Following the merger between CIT and OneWest, Thain—a former CEO of Merrill Lynch and Goldman Sachs, as well as of the New York Stock Exchange—will continue to hold his position as chairman and chief executive officer of CIT Group. Steven Mnuchin, chairman of IMB and formerly a partner at Goldman Sachs, will join CIT Group as vice chairman and a member of the CIT board of directors. Allan Frank, currently a member of the OneWest board, also will join the CIT board, which will increase its size from 13 to 15 members, according to a CIT news release.

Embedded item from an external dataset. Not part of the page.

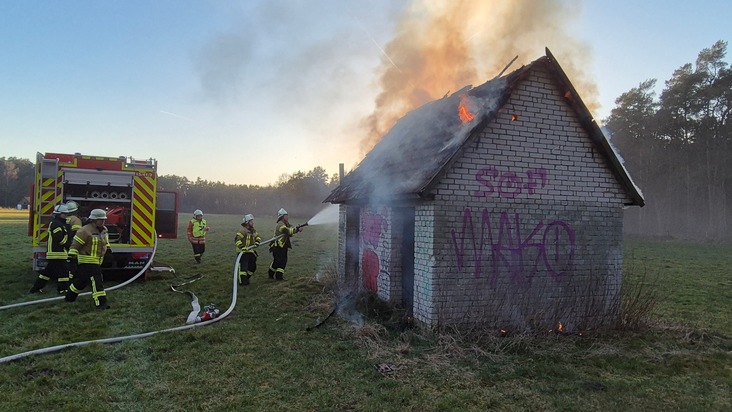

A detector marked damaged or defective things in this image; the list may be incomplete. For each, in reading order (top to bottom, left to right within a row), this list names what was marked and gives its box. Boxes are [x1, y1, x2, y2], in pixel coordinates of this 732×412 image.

damaged roof [324, 48, 644, 208]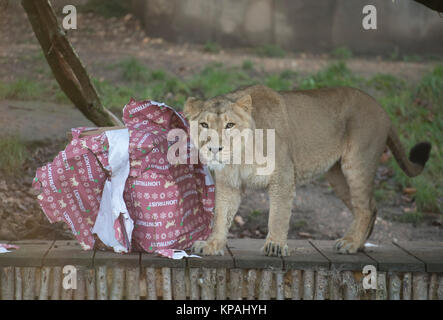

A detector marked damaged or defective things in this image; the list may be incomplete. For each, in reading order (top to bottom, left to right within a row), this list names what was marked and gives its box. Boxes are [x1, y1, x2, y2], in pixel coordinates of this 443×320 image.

torn wrapping paper [33, 97, 215, 255]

“This transformational transaction will combine CIT’s national middle market lending platform with OneWest’s wholesale lending and branch banking franchise to create a unique provider of retail and institutional financial services,” Thain said in a statement. “The transaction diversifies and lowers the cost of CIT’s deposits, broadens the products we can offer to our middle market clients, is accretive to earnings and return on equity, and accelerates the utilization of our NOL [net operation loss], while maintaining a strong capital position.”

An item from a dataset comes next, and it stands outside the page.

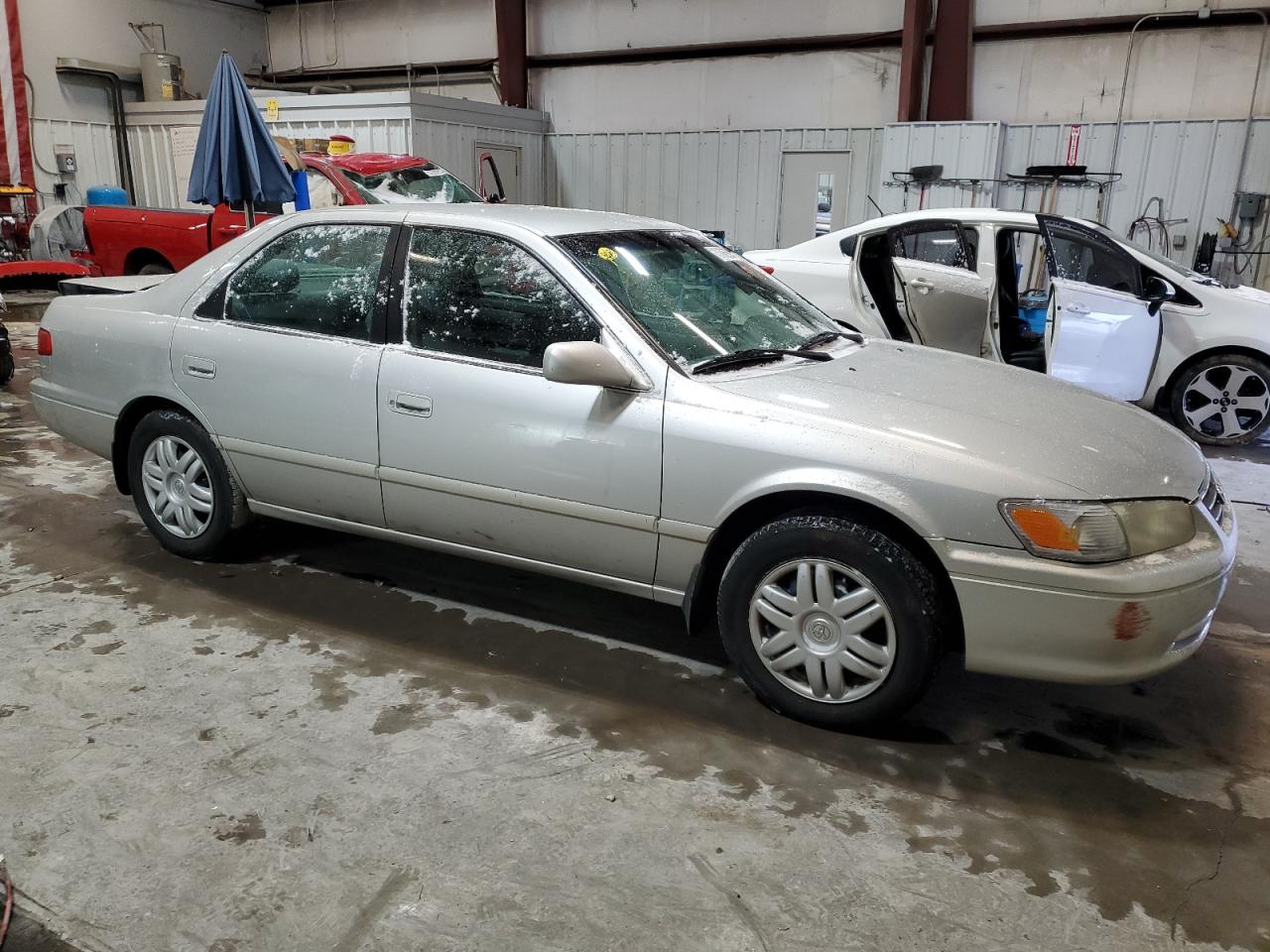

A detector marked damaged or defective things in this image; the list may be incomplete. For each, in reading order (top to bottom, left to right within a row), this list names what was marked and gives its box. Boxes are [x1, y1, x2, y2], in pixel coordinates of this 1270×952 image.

damaged white car [741, 206, 1270, 446]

Mnuchin said in the same statement, “We are confident that this transaction will provide our retail and commercial customers with access to the broad range of high-quality financial products and services offered by CIT, and allow OneWest to benefit from CIT’s expansive client base and global reach.”
CIT Group’s legal team at Wachtell was led by corporate partners Edward Herlihy and David Karp and regulatory partner Richard Kim. Tax partner Joshua Holmes and executive compensation partner Jeannemarie O’Brien also advised on the OneWest deal, along with associates Tsz Him Kwok, Brandon Price, Michael Sabbah and Michael Schobel.

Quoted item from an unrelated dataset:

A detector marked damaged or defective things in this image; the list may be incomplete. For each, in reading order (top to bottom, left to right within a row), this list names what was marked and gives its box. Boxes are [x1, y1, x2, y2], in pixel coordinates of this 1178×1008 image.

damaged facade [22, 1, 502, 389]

In 2008 Wachtell advised CIT on its transition to a bank holding company so that it could receive federal bailout money during the financial crisis. Also in 2008, the firm helped CIT Group sell its home lending business to Lone Star Funds for $1.5 billion.
CIT itself had filed for bankruptcy reorganization in October 2009 with help from Skadden, Arps, Slate, Meagher & Flom.
Cleary Gottlieb’s team for OneWest Bank was led by partners Christopher Austin and Benet O’Reilly. Regulatory partner Katherine Mooney Carroll, employee benefits partner Arthur Kohn and tax partner Yaron Reich also worked on the deal.
Cleary Gottlieb represented OneWest in its buy of LaJolla Bank’s operations from federal receivership at the FDIC in February 2010, as well as its acquisition of First Federal Bank of California in December 2009 in a similar transaction.
Sullivan & Cromwell’s regulatory counsel team for both CIT Group and IMB included senior chairman H. Rodgin Cohen, as well as partners Mitchell Eitel and Camille Orme in the financial services group, and associate Stephen Salley.
Sullivan & Cromwell also helped CIT Group in connection with its bankruptcy reorganization. Firm partner John Mead has served as an outside counsel to CIT since December 2009.